Redazione DottNet | 12/10/2015 14:26

Pubblicate le graduatorie e assegnati i posti, ma rischia di essere tutto nullo

Fogli macchiati, candidati che consegnano il compito con mezzora di ritardo, anonimato non garantito. Sono solo alcune delle numerosissime irregolarità che si sono verificate durante i test di ingresso alle facoltà di Medicina e Odontoiatria e segnalate allo sportello virtuale www.numerochiuso.info. Prove inoppugnabili, raccolte da Consulcesi – realtà leader nella tutela dei camici bianchi - in un vasto dossier, che costituirà la base di una nuova ondata di ricorsi, che rischia di travolgere il sistema del numero chiuso. L’azione sta, infatti, prendendo sempre più forza sia per quanto accaduto durante le prove sia all’indomani della pubblicazione delle graduatorie definitive con l’assegnazione dei posti ai candidati.
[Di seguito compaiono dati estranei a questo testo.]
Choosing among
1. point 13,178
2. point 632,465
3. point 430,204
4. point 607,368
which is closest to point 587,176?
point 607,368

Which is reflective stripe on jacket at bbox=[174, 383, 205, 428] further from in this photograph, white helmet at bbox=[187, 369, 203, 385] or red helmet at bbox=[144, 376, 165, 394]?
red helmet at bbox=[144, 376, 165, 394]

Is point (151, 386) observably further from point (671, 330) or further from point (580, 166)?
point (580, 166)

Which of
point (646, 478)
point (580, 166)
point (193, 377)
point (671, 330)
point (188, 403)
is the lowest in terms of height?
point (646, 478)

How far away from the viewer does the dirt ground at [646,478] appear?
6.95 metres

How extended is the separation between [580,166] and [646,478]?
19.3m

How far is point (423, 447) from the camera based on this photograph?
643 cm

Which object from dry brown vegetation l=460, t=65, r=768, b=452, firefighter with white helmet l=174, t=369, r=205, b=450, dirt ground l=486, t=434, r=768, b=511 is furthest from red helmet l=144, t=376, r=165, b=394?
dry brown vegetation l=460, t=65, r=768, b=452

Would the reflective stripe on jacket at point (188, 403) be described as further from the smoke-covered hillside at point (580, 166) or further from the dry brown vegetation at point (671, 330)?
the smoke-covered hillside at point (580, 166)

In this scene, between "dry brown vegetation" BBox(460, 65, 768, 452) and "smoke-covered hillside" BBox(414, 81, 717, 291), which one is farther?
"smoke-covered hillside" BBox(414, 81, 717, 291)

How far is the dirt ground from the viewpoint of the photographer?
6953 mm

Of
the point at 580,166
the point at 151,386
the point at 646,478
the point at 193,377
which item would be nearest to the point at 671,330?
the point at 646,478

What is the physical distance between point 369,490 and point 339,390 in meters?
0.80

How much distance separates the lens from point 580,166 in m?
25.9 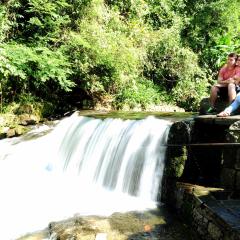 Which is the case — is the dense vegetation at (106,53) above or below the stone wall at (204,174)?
above

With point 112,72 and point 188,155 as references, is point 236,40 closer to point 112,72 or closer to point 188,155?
point 112,72

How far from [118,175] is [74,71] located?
5420 mm

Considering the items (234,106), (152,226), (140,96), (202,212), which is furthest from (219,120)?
(140,96)

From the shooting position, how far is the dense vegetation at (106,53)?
38.4 ft

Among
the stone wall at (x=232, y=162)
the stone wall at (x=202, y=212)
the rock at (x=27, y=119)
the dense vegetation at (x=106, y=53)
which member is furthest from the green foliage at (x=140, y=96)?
the stone wall at (x=232, y=162)

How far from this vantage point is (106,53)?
12.6 metres

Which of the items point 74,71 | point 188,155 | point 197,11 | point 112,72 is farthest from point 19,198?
point 197,11

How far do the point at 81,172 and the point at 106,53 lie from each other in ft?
16.9

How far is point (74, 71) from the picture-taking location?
12398mm

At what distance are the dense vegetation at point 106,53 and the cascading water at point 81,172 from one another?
229cm

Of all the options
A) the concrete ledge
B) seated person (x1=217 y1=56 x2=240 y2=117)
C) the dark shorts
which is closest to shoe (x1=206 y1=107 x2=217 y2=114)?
the dark shorts

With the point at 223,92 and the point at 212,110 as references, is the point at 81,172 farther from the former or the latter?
the point at 223,92

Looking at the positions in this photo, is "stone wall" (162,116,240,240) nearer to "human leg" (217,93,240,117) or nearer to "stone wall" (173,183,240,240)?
"stone wall" (173,183,240,240)

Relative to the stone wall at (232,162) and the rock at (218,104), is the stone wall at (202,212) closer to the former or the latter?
the stone wall at (232,162) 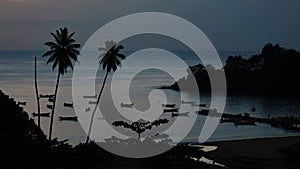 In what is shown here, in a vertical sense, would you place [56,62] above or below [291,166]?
above

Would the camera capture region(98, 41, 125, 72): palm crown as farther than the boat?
No

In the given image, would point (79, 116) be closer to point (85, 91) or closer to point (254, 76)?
point (85, 91)

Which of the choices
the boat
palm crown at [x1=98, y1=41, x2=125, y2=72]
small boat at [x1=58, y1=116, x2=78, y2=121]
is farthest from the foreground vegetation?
small boat at [x1=58, y1=116, x2=78, y2=121]

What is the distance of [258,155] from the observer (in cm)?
2781

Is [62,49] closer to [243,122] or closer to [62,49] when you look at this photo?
[62,49]

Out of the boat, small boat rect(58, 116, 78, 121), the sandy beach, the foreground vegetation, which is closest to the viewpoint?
the foreground vegetation

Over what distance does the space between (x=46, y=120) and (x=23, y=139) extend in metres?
46.2

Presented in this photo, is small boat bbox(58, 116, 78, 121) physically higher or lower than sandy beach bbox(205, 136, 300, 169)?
higher

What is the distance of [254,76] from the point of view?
374 feet

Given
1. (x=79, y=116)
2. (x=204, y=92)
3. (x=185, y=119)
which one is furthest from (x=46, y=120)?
(x=204, y=92)

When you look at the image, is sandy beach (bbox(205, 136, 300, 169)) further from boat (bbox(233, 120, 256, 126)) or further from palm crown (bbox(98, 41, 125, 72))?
boat (bbox(233, 120, 256, 126))

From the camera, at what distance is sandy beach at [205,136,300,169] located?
82.7 feet

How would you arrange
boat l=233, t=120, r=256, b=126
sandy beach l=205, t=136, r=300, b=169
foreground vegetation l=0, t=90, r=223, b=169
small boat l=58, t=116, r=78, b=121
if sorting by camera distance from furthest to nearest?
small boat l=58, t=116, r=78, b=121 < boat l=233, t=120, r=256, b=126 < sandy beach l=205, t=136, r=300, b=169 < foreground vegetation l=0, t=90, r=223, b=169

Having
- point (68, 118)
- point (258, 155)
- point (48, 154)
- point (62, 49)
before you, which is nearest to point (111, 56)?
point (62, 49) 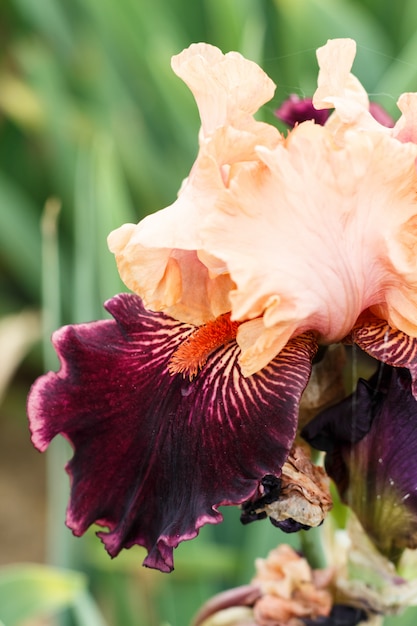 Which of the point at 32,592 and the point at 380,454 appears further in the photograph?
the point at 32,592

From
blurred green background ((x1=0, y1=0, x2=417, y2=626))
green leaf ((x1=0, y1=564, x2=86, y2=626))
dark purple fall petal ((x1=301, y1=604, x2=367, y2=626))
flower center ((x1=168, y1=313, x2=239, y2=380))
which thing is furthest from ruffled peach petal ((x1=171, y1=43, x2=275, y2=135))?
green leaf ((x1=0, y1=564, x2=86, y2=626))

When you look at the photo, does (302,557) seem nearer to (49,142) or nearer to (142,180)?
(142,180)

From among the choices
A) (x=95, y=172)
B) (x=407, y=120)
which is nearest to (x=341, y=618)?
(x=407, y=120)

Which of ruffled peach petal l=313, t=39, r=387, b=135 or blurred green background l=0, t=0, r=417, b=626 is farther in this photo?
blurred green background l=0, t=0, r=417, b=626

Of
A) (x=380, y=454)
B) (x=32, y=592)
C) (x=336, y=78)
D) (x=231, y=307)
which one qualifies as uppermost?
(x=336, y=78)

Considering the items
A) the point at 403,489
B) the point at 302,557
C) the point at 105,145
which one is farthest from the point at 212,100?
the point at 105,145

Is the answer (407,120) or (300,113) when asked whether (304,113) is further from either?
(407,120)

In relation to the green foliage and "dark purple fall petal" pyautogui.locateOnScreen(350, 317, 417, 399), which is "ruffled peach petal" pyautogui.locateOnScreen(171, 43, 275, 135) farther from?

«In queste settimane – spiega il presidente di Consulcesi, Massimo Tortorella – abbiamo ricevuto migliaia di segnalazioni da parte di studenti di tutta Italia che hanno svolto la prova. Ce lo aspettavamo, ma scorrendo tra i casi ce sono davvero di eclatanti, a riprova di un meccanismo che non può assolutamente garantire non solo trasparenza e meritocrazia, ma anche credibilità. Non è certo su questi presupposti che lo Stato può pensare di selezionare la futura classe medica». Anche il professor Eugenio Gaudio, il rettore dell’università “La Sapienza”, in una intervista ha di recente dichiarato che «programmare l’ingresso a Medicina è indispensabile, ma le modalità dei test sono da rivedere».


Già lanciati i primi ricorsi, ne sono in partenza ancora tanti altri. Ora la palla passa, dunque, ai Tribunali di tutta Italia che davanti all’evidenza di anomalie e irregolarità così eclatanti, non potranno fare altro che annullare le prove e decretare l’ammissione in facoltà, chiaramente in sovrannumero, di tutti i candidati esclusi che avranno intentato l’azione. Nel frattempo si muove anche la politica. Andrea Liberati, consigliere regionale umbro del M5S, dopo aver raccolto diverse segnalazioni non solo nella sua Regione, ha chiesto l’annullamento degli esami, definendoli delle «comiche» ed ha poi aggiunto: «Chi si sente defraudato è obbligato ad attivarsi e a chiedere anche un risarcimento».